Rappelons que le maire dispose d’un pouvoir de police générale en application de l’article L. 2212-2 du code général des collectivités territoriales (CGCT) pour assurer le bon ordre, la sûreté, la sécurité et la salubrité publiques dans sa commune. A Paris, ces pouvoirs sont exercés par le préfet de police.

Le préfet peut être amené à se substituer à un maire défaillant en adoptant les mesures relatives au maintien de la salubrité, de la sûreté et de la tranquillité publiques sur le territoire d’une seule commune dans tous les cas où il n’y aurait pas été pourvu par l’autorité municipale, sous réserve d’une mise en demeure préalable restée sans résultat (CGCT, art. L. 2215-1, 1°).

Le préfet dispose par ailleurs de pouvoirs de police généraux lorsqu’il s’agit de prendre les mesures relatives à l’ordre, à la sûreté, à la sécurité et à la salubrité publiques dont le champ d’application excède le territoire d’une commune (CGCT, article L. 2215-1, 3°). Le préfet est donc l’autorité compétente pour adopter une mesure de restriction de la vente de boissons alcooliques concernant l’ensemble du département ou plusieurs communes d’un même département.

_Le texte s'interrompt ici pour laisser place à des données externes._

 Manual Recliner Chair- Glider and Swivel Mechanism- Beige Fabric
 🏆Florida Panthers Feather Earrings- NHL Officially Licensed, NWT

L’exercice par ces autorités administratives de leurs pouvoirs de police en matière de débits de boissons est soumis à des conditions de légalité régulièrement rappelées par le juge.

Les conditions de légalité des arrêtés de police réglementant la vente d’alcool

Qu’elle émane du maire ou du préfet, la mesure de police n’est légale que si elle est nécessaire. Le juge contrôlera ainsi son adéquation avec le trouble auquel elle est censée mettre fin. Ainsi, les mesures prises ne doivent pas présenter de caractère général et absolu, c’est-à-dire sans limitation dans le temps ou dans l’espace, sous peine de porter une atteinte excessive au principe de la liberté du commerce et de l’industrie.

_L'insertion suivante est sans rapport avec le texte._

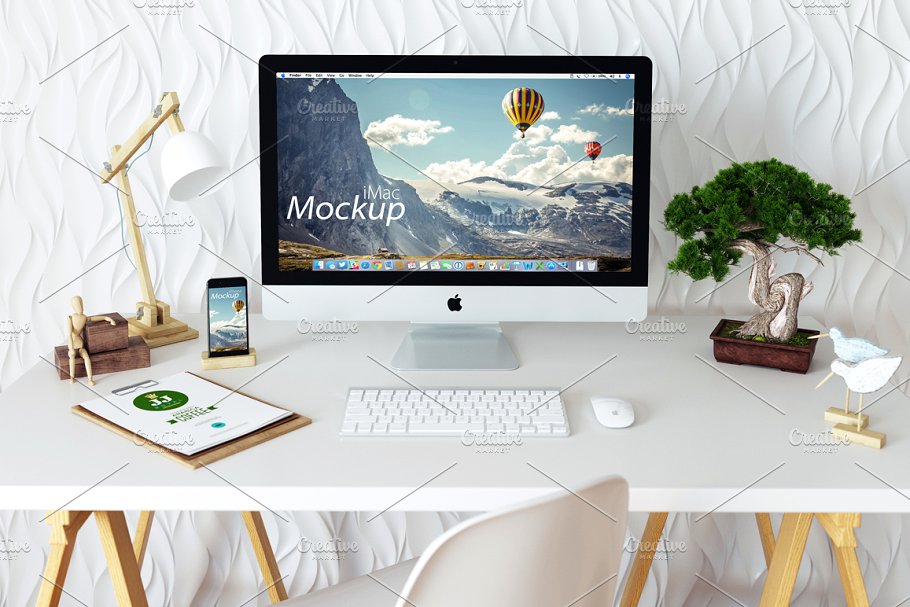 苹果一体机桌面显示样机模板 iMac Mockup (7 PSD) + Bonus插图(2)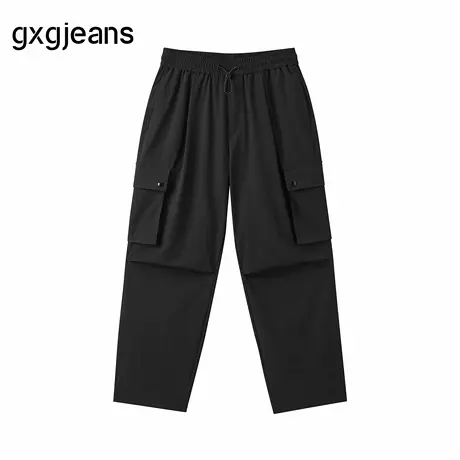 gxg.jeans男装  黑色口袋设计宽松松紧腰工装休闲长裤男 25冬新品商品大图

La jurisprudence en la matière est pléthorique. Elle met en évidence la constance du contrôle exercé par le juge sur ces mesures de police et l’importance, pour l’adoption de telles mesures, de justifier précisément les circonstances particulières locales imposant leur mise en œuvre (voir, pour une mise en perspective, l’annulation d’un arrêté préfectoral confirmée par le juge – CE, 3 juillet 1992, Société Carmag, n° 120448 – et le rejet d’une requête en annulation contre un arrêté préfectoral – CE, 3 mars 1993, S.A. Carmag, n° 116550).

Exemples de réglementations locales en matière de vente d’alcool

Les exemples ne manquent pas sur le territoire français d’arrêtés municipaux ou départementaux encadrant les conditions de vente d’alcool.

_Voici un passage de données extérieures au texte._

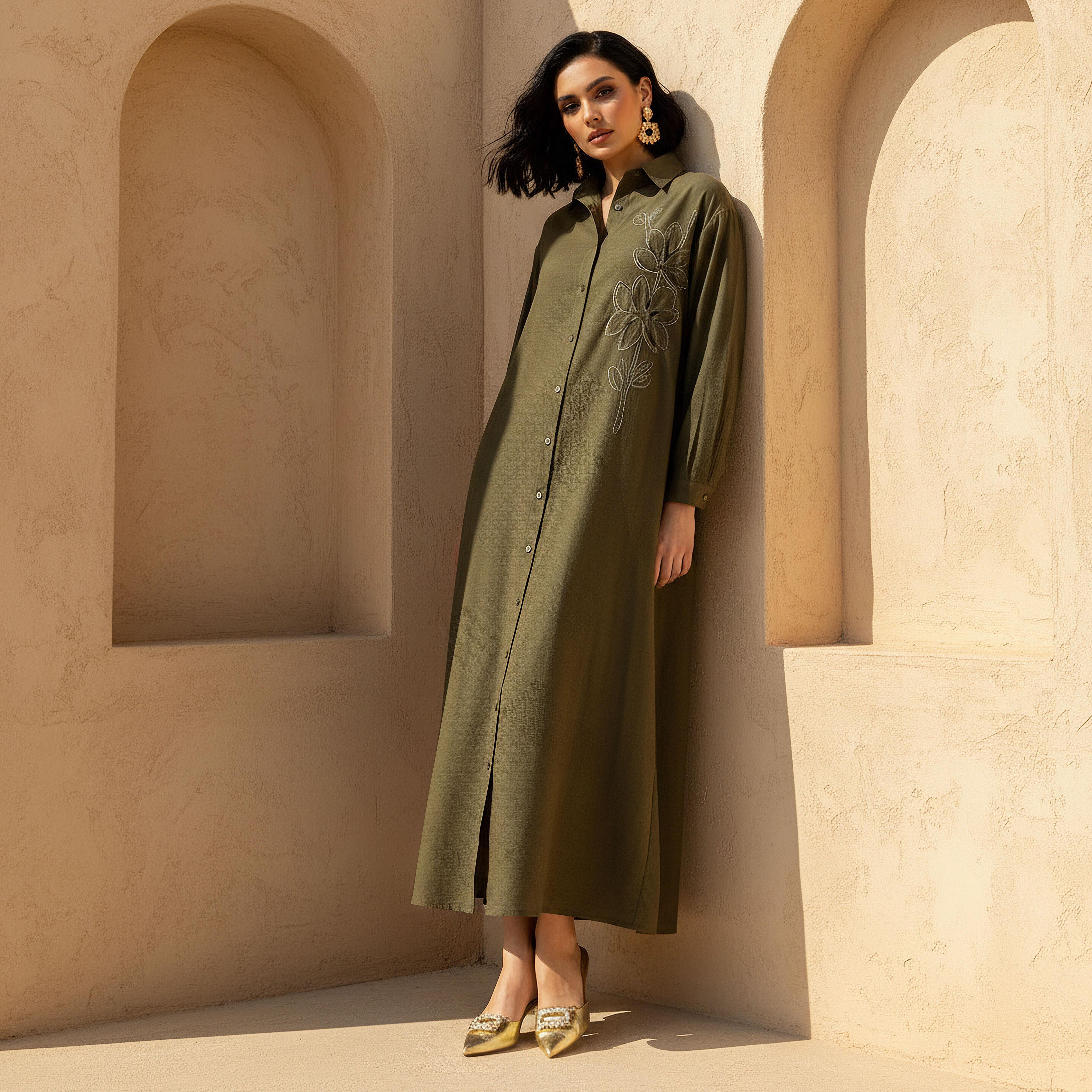 Maxi Shirt Dress with Floral Applique-women-clothing-dresses-image-1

  • Ainsi, dans le département de la Gironde, les horaires d’ouverture des débits de boissons et restaurants sont réglementés par un arrêté du 30 avril 2012. Des conditions plus restrictives sont toutefois prévues concernant la vente d’alcool à emporter dans les communes de Bordeaux, Cenon, Gradignan, Pessac et Talence en application d’un arrêté préfectoral du 24 octobre 2012.

  •  A Lille, la maire a adopté le 24 juin 2022 un arrêté relatif aux horaires de fonctionnement des établissements titulaires de licence de vente à emporter et à la vente à emporter de boissons alcoolisées (arrêté municipal n° 6353).

  •  A Lyon, un arrêté municipal du 16 juin 2021 interdit sur le territoire de la ville la vente à emporter de boissons alcooliques entre 21h et 6h du matin (réf. 47040 – 2021 – 01).

L’accès à ces arrêtés n’est pas toujours aisé et implique des recherches au cas par cas selon le territoire concerné. Les sites internet des préfectures régionales ou départementales comportent généralement une rubrique dédiée à la réglementation des débits de boissons, et qui répertorie les arrêtés préfectoraux en la matière. Les exploitants cherchant des informations à ce sujet pourront également contacter directement les services préfectoraux afin de s’assurer auprès d’eux des restrictions existantes en la matière. Néanmoins, il conviendra également de rechercher pour chaque commune sur le territoire desquelles la vente d’alcool est envisagée si des arrêtés de police municipaux ont été adoptés.

On le voit donc, tout exploitant d’un débit de boissons doit s’enquérir, avant toute installation, de la réglementation applicable à son activité, en veillant à ne pas s’arrêter à la première couche du millefeuille réglementaire.